Because the song isn’t a raw diary spewing at all, but has as much artifice and craft as “Space Oddity”: it’s structured neatly with a mirrored guitar intro and outro which enclose three verses (the first details how desolate “Bowie” is feeling, the second notes the rumors he’s getting about how “Hermione” is faring, and the third speculates about her new lover and her happiness). In the middle of each verse, Bowie, in desperate confidence, suggests that “Hermione” misses him (“You cry a little in the dark”) answered by a short four-syllable line (“well so do I”). And as James Perone notes, as the song is a “letter” it discards typical “love song” standards, shunning, for the most part,  short melodic hooks in favor of long, meandering phrases, while its rhymes are often assonant or half-rhymes (“well/girl,” “pain/same”).

The demo (called “I’m Not Quite”) furthers the sense of “reality,” with its poor, scratchy sonic quality, muffled guitar and Bowie’s tender- and awkward-sounding vocal. (The demo literally is a bedside confessional.) But as John M. Cunningham wrote, the demo’s rawness was refined away by the time Bowie recorded “Hermione” for his LP four months later. There he sings in a more mannered style, choosing a carefully forlorn and wistful tone to deliver his lines. He seems comfortable with it being a work of art, even if we aren’t.

The demo was recorded ca. mid-April 1969, likely in Bowie’s shared flat in Foxgrove Road, Beckenham; the studio cut was recorded ca. August 1969 and is on Bowie’s second LP, called David Bowie in the UK, given the woeful name Man of Words, Man of Music in the US and eventually rechristened Space Oddity by RCA.

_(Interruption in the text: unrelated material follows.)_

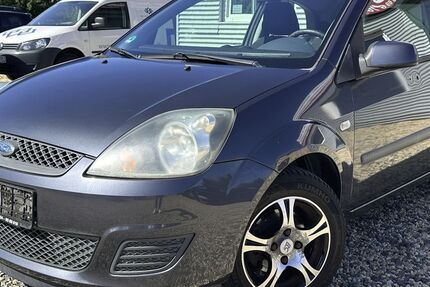 Ford Fiesta 162.225 km 1.499 € Weilerswist 53919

Top: Bowie and Farthingale already heading in opposite directions, 1968.

4 Responses to Letter To Hermione

  1. Patrick says:

    It may not be correct but the FAQ at http://www.bowiewonderworld.com/faq.htm
    says Hermoine F’s “real name” was Hermoine Dennis

  2. Patrick says:

    Meant Hermione not Hermoine of course!

  3. Momus says:

    This is Bowie’s most beautiful song, for me. I think it’s underrated in his oeuvre mainly because he never developed this side of his songwriting; he never became a confessional singer-songwriter. Arguably the one experience that could have produced a song like this, did, and was summed up and laid to rest.

    The breakup with Hermione was so devastating that Bowie swore off love completely (he rails against it in early 70s interviews) and started taking heroin for a while, and Space Oddity is secretly about the detachment he discovered in heroin. The “confession” in Ashes to Ashes about Major Tom being a junkie makes the latter an unlikely descendent of Letter To Hermione, a continuation of the pain described here. “The pain of 1969” concatenates love, drugs, loss, detachment, inner and outer space. This propulsive blend becomes the fuel that finally launches Bowie.

    • Momus says:

      Three distances:

      1. Can you still hear me, Hermione?

      2. “Can you hear me, Major Tom?”

      3. The Visitor making his album in the hope that his extraterrestrial wife might hear it.